Thursday, December 21, 2006

Bad Software Interfaces, Part 88

Post office vending machines need UI improvement.

It's Christmas Card season again, so I went to the post office to drop off a bunch of stamped cards, and pick up some more stamps for any stragglers. Of course there was a huge line, which was expected as people are shipping packages. So I hit the vending machine to grab stamps. I could tell the people in line in front of me were getting frustrated, but it wasn't until I got to use it myself that I saw the problem.
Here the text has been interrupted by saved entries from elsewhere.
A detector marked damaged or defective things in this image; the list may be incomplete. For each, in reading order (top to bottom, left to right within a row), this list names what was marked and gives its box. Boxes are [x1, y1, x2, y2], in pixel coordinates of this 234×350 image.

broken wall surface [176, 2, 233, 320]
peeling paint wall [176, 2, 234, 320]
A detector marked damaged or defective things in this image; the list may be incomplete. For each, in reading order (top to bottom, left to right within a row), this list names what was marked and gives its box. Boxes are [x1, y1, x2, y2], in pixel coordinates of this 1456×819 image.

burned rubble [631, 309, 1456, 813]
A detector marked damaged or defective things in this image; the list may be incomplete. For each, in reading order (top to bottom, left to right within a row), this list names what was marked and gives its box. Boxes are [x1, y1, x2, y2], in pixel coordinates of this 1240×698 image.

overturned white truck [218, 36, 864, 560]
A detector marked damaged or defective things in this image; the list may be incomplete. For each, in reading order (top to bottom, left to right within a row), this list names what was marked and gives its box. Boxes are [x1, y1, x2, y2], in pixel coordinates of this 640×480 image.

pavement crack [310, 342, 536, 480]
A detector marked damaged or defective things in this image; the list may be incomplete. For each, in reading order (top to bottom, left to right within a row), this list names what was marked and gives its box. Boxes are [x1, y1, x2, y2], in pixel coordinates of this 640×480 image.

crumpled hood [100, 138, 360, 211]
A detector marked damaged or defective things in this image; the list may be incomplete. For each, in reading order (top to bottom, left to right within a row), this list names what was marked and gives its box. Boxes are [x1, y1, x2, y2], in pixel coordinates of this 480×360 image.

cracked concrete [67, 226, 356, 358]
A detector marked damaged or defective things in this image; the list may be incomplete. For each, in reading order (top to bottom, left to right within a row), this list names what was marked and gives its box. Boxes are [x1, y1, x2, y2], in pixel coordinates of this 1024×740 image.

Here was my plan: since stamps are currently 39 cents, a book of 20 is $7.80. I had a ten dollar bill, so since I didn't want to get crushed with metal change, I was going to get a book of 20 and then enough individual 39-cent stamps to eat up the balance. Well, the machine was out of change. First mistake is that it didn't show this right away. Vending machines have had a "use exact change" light for decades. I stuck in my $10, the machine gave me a credit for $10.00, and then I selected the book of 20-stamps. The machine said that it couldn't give me $2.80 of change, and it rejected my purchase, and spat back my $10. Fortunately I had a $5 and managed to scrounge up enough $1's to get to $8. This time when I made my purchase, it gave out my stamps. Then a note flashed very quickly on the screen–too quickly for me to be sure of the exact message–along the lines of: "unable to give 20ยข change, Post Office notified." The next thing that the screen showed was a balance of $0.00. Well, thanks. So here's the story of what's going on:
  • The software expects to be able to dispense change.
  • If it can't, then it sees if the amount of change left over is below some threshold:
    • If it is, print a "sorry about that" and eat the money.
    • If not, spit the money back out at the user.
I've dealt with these machines before, and had them spit change back out at me before I was done buying things. I've also had it eat an entire book of stamps, to which the website says "you'll need to contact the local post office." (Losing $7.80 is annoying, but not so annoying that I want to find time to stand in line to process a claim that the machine ate my money.) The entire "customer makes a single purchase" model might work for buying snacks, but stamps are often gotten in multiples. The designers of this machine were clearly aware of this, because certain purchases (1-cent stamps) let you select a quantity. Normally this model is just annoying. It saves a little bit of time for a few transactions (buy one thing and go), but makes many other transactions take a lot longer, as I have to put the money it spits out back into the machine to buy the other things I wanted. But when the software refuses to let you carry a balance across transactions, lack of change becomes a real liability. Even if I couldn't've gotten my 20 cents back out, at least I could've left it there for the next person in line. Spread the Christmas cheer and all that. I really don't blame the software engineers who built this. Having seen things like this before, what I'm guessing is that the requirements never stated anything about the ability to dispense change, and the solution of refusing to do some transactions while eating the change on others was stapled on at the last minute. Note 1: It's curious that the machine fed me back my ten-dollar bill. How many bills can it return like that? I doubt it can rewind its entire store. If I had paid with ten $1 bills, would it have spit them all back one at time? Or would I only have gotten back my last dollar? Note 2: The coin insert slot was busted, based on the grumbling of the people in line in front of me, so you couldn't help but lose the fractional part of a dollar in any purchase. What if I had bought a single 39-cent stamp?